[Web page caption snippets]
........

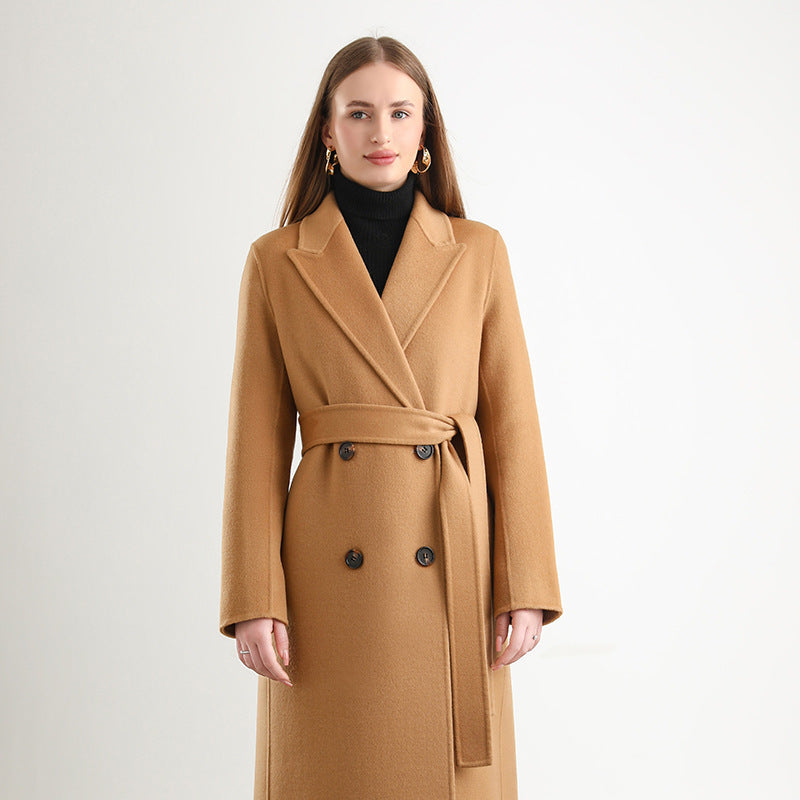 Women's Mid-length Woolen Wool Overcoat Coat Camel - D&A
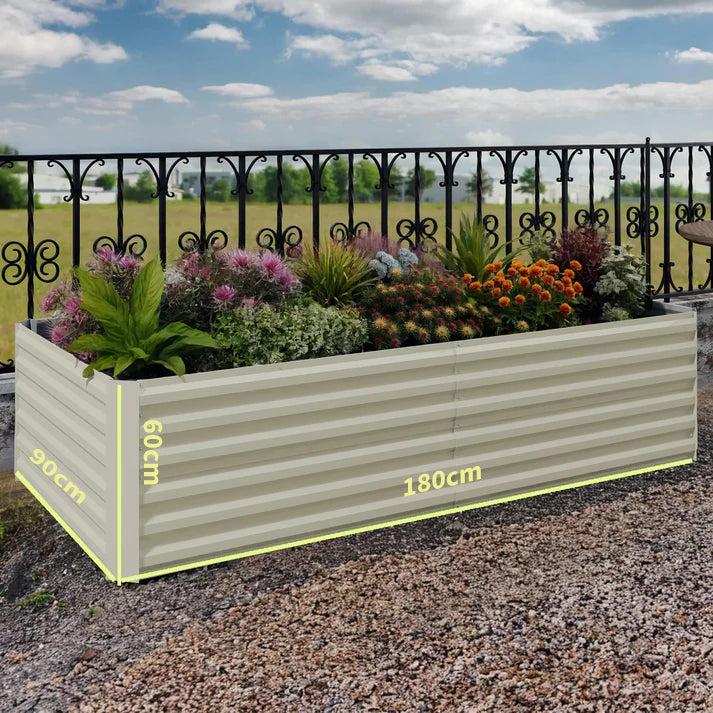 Garvee Galvanisiertes Hochbeet 180 × 90 × 60 cm – Rostfrei, Langlebig, Metall Pflanzkasten für Garten, Beige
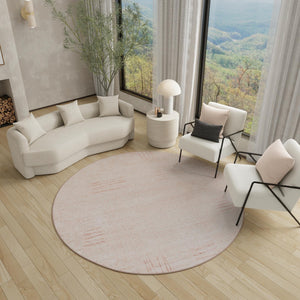 Pink 5' 3 x 5' 3 Hanahan Round Area Rug 100% Polypropylene With Jute Backing Abstract Geometric Modern Carpet for Living, Dining Room, Office Space for Sale at Rug Engine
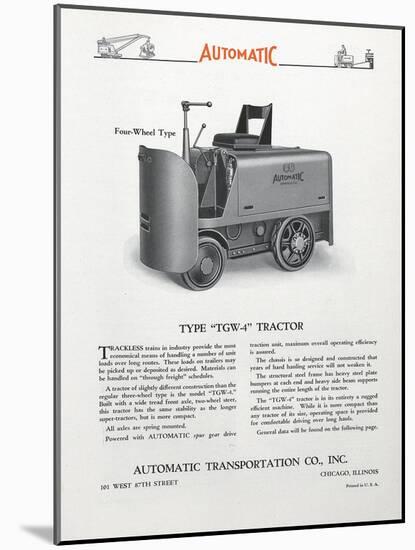 Automatic Transportation Company's Type TGW-4 Tractor-null-Mounted Giclee Print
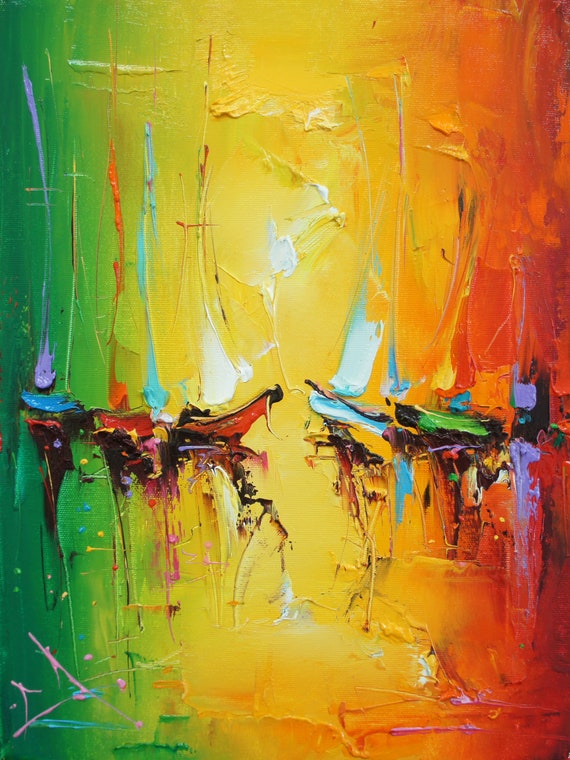 Pintura abstracta, pintura de veleros, obras de arte originales, paisaje  marino, velero, pintura al óleo abstracto, arte contemporáneo, decoración  de pared de lienzo - Etsy España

........

> WORK INSTRUCTIONS
Please restate the data word for word, leaving out any picture it holds.

> OUTPUT BELOW
 Women's Mid-length Woolen Wool Overcoat Coat Camel - D&A
 Garvee Galvanisiertes Hochbeet 180 × 90 × 60 cm – Rostfrei, Langlebig, Metall Pflanzkasten für Garten, Beige
 Pink 5' 3 x 5' 3 Hanahan Round Area Rug 100% Polypropylene With Jute Backing Abstract Geometric Modern Carpet for Living, Dining Room, Office Space for Sale at Rug Engine
 Automatic Transportation Company's Type TGW-4 Tractor-null-Mounted Giclee Print
 Pintura abstracta, pintura de veleros, obras de arte originales, paisaje  marino, velero, pintura al óleo abstracto, arte contemporáneo, decoración  de pared de lienzo - Etsy España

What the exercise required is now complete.